A senior figure in Russian President Vladimir Putin’s government has openly backed the Moscow mayor’s recent decision to ban the gay parade in the capital city for the second year in a row.

Alexander Chuyev, deputy chairman of the State Duma committee for public associations and religious organisations, made his remarks on a television show, insisting that he could see nothing wrong in banning a parade which he regarded as “propaganda” and “dangerous”.

He spoke of his belief that clear boundaries are required between private and public rights:

“The individual’s rights end at the point where rights of the others begin.”

Mr Chuyev said homosexuality should be confined indoors and in private, and the parade would have sent out the wrong signal to the “many young people and children.”

In May 2006 the Mosocw’s mayor, Yuri Luzhkov, refused to issue a permit for the Pride march.

Gay activists pressed on with Moscow Pride on 27th May, despite the ban, police arrests, and violence from neo-fascists, right-wing nationalists and Orthodox Christian fundamentalists.

Over 120 people including a German MP were arrested during the chaotic scenes at Moscow Pride as gay campaigners from all over the world converged in the Russian capital.

They were met by religious and nationalist protesters chanting anti-gay slogans and 1,000 riot police aiming to stop demonstrations in Red Square.

Last month Pride organisers lost their appeal at Moscow City Court against the ruling of a lower court that upheld the city’s ban on the event.

“An application to the European Court of Human Rights is now ready and is currently being assessed by legal experts,” said Nikolay Alekseyev, one of the Pride organisers.

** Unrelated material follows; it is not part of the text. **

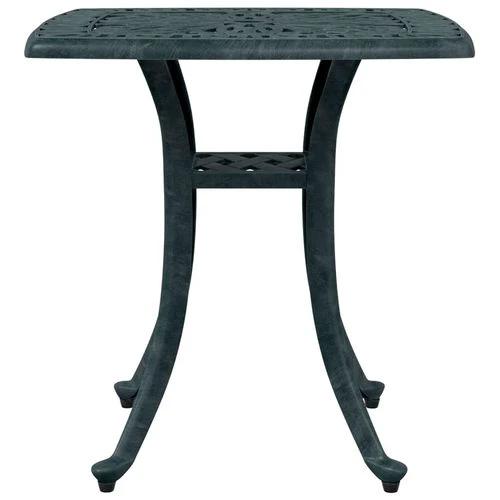 vidaXL Garden Table Bronze 53x53x53 cm Cast Aluminium by vidaXL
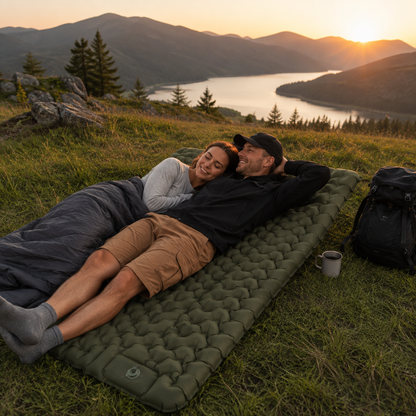 Outdoor-Schlafmatte mit integrierter Fußpumpe – Erholsamer Schlaf für jedes Abenteuer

However, Mr Chuyev is undeterred by his stance, and poured scorn over the decision to take the case to the European Court in Strasbourg.

He believes that the legal action would not only help attract sponsors in Western Europe, it would also raise awareness of the parade.

However, he thinks little will be achieved in the long-run.

“There will be much harm for all including gays because in reality there is no persecution, no accent on sexual orientation at all.”

Pride organisers have urged gay and lesbian people from all over the world to join them in Moscow this May 27th as they stage their second march, which has not been granted a permit.